SUPPLIED INFORMATION |
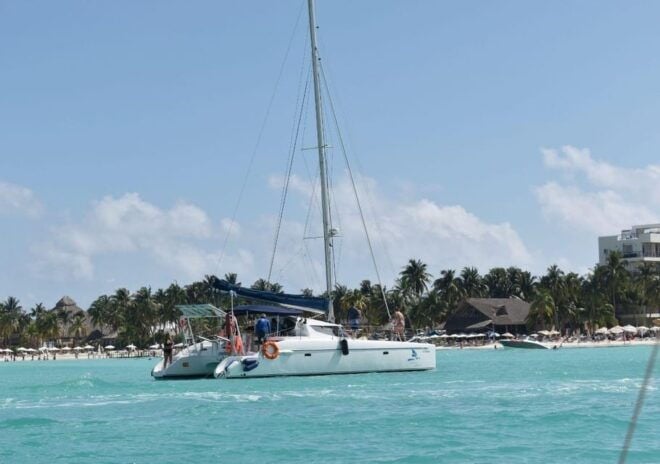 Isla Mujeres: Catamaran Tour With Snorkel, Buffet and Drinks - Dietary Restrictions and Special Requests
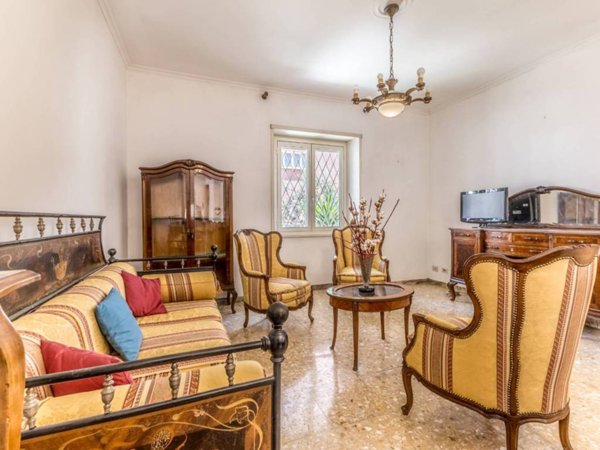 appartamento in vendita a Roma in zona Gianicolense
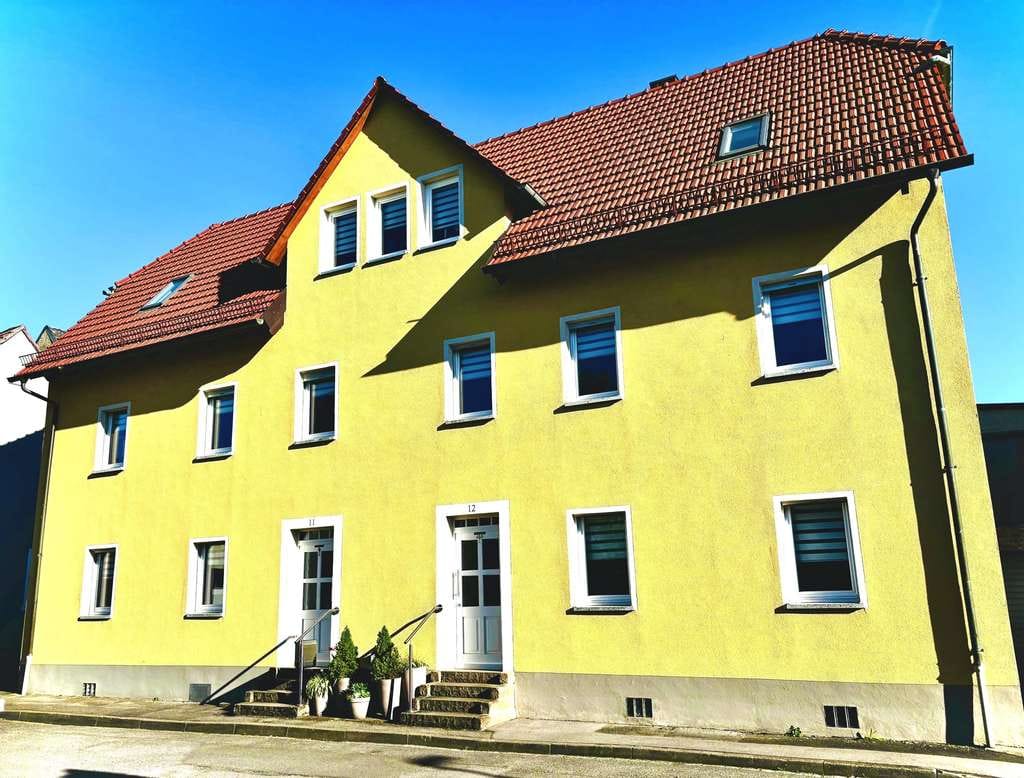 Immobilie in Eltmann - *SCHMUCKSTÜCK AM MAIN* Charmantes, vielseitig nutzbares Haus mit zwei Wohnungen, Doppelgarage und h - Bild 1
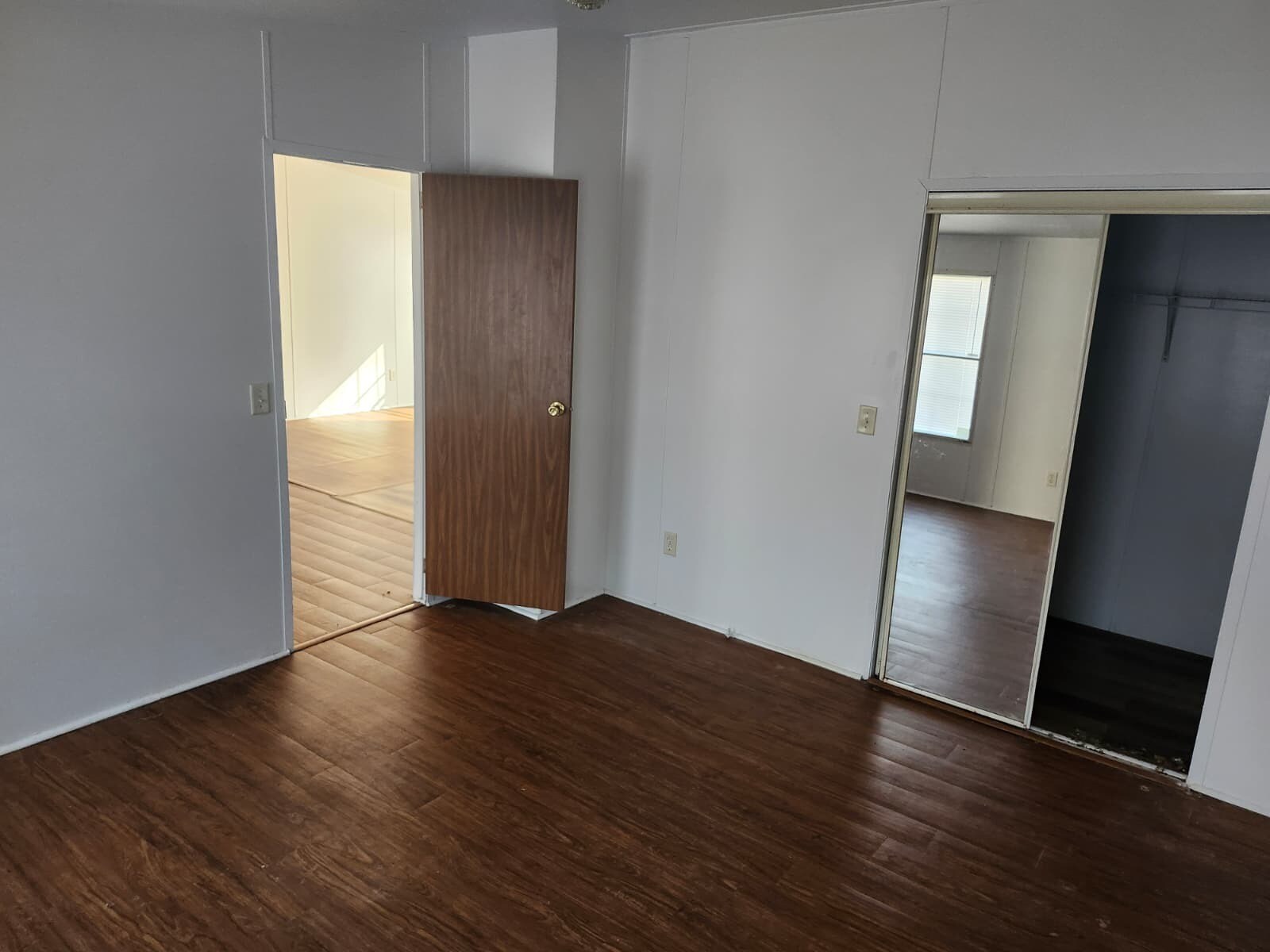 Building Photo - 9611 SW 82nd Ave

PROBLEM STATEMENT | Once the pictures are set aside, retype the rest of the listing exactly.

REPLY TO THE TASK |
 Isla Mujeres: Catamaran Tour With Snorkel, Buffet and Drinks - Dietary Restrictions and Special Requests
 appartamento in vendita a Roma in zona Gianicolense
 Immobilie in Eltmann - *SCHMUCKSTÜCK AM MAIN* Charmantes, vielseitig nutzbares Haus mit zwei Wohnungen, Doppelgarage und h - Bild 1
 Building Photo - 9611 SW 82nd Ave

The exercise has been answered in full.